So you are learning first hand why Full Motion Recording (FMR) isn't all that and a bag of chips!
Adobe does offer a FMR editor that may be used with Captivate 3. It's a separate application you have to download and install. You may visit the link below to download it.
The editor is very limited. Basically it works in much the same way as we used to see with old 8MM movies. You can split the film in two or more pieces, append one to the other, discard bits but that's about it. You cannot, however, make edits to the individual frames, for example obliterating sensitive information. I do suppose you might be able to layer an object in that would do it, but you cannot edit directly to accomplish it.

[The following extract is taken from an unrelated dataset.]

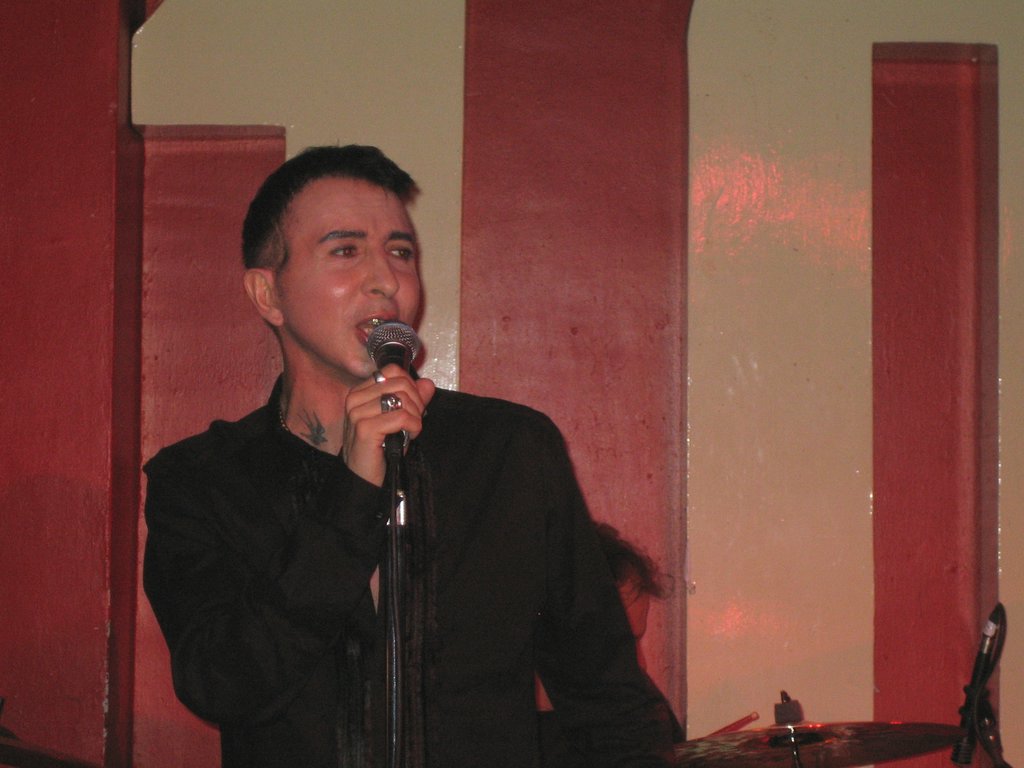 06 Marc Almond.JPG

The bottom line is that for most purposes, FMR is best avoided.
Hopefully this helps some... Rick
Fantastic. I will have a look. Thanks so much! Yea...FMR...bleah.
Oops, my bad
Forgot to actually create the link!
And a big ole Homer Simpson D'oh!
Here ya go... Click here
ha ha...thought the links were at the end...no problem.
Thanks for catching it and resending.
Another question re: Recording Modes
This may be a longshot - but wondered if you have to specify all the recording modes you want prior to recording or is there a way to turn a simple cp(Captivate 3)file into a Demonstration, Training, and Assessment after it is created?
It's late where I am so I'm hoping my question is clear.
No, you understand it. You set the mode, then record. There is no magickal button to press that says "Presto! Your Demonstration is now a Simulation!" or vice-versa.
Please note, howeve, that you may record initially in different modes so that you end up with multiple presentations from a single recording. In that case you choose the different modes before you record.